2. Subject Matter Jurisdiction

The Court has subject matter jurisdiction to adjudicate Plaintiff's petition to compel arbitration. Although Defendant properly notes that the FAA does not provide an independent basis of subject matter jurisdiction, the Court is satisfied that the underlying dispute between the parties properly invokes federal question jurisdiction.

Section 4 of the FAA does not provide federal jurisdiction over the parties' dispute. See Hall St. Associates, L.L.C. v. Mattel, Inc., 552 U.S. 576, 581-82 (2008). Section 4 provides that petitions to compel arbitration may be brought before "any United States district court which, save for such agreement, would have jurisdiction under Title 28 . . . of the subject matter of a suit arising out of the controversy between the parties." 9 U.S.C. § 4. However, "[t]he Arbitration Act is something of an anomaly in the field of federal-court jurisdiction.

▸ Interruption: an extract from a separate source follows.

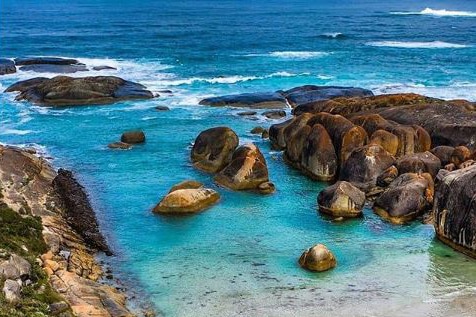 A man stands near the water at Elephant Cove near Denmark in WA's south.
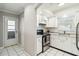 Classic white kitchen equipped with stainless steel appliances and ample counter space at 5020 Live Oak Cir, Bradenton, FL 34207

It creates a body of federal substantive law establishing and regulating the duty to honor an agreement to arbitrate, yet it does not create any independent federal-question jurisdiction under 28 U.S.C. § 1331 . . . or otherwise." Moses H. Cone Mem'l Hosp. v. Mercury Const. Corp., 460 U.S. 1, 26 n.32 (1983). "A federal court may 'look through' a § 4 petition to determine whether it is predicated on an action that 'arises under' federal law." Vaden v. Discover Bank, 556 U.S. 49, 62 (2009). "[T]he 'look through' approach permits a § 4 petitioner to ask a federal court to compel arbitration without first taking the formal step of initiating or removing a federal-question suit--that is, without seeking federal adjudication of the very questions it wants to arbitrate rather than litigate." Id. at 65.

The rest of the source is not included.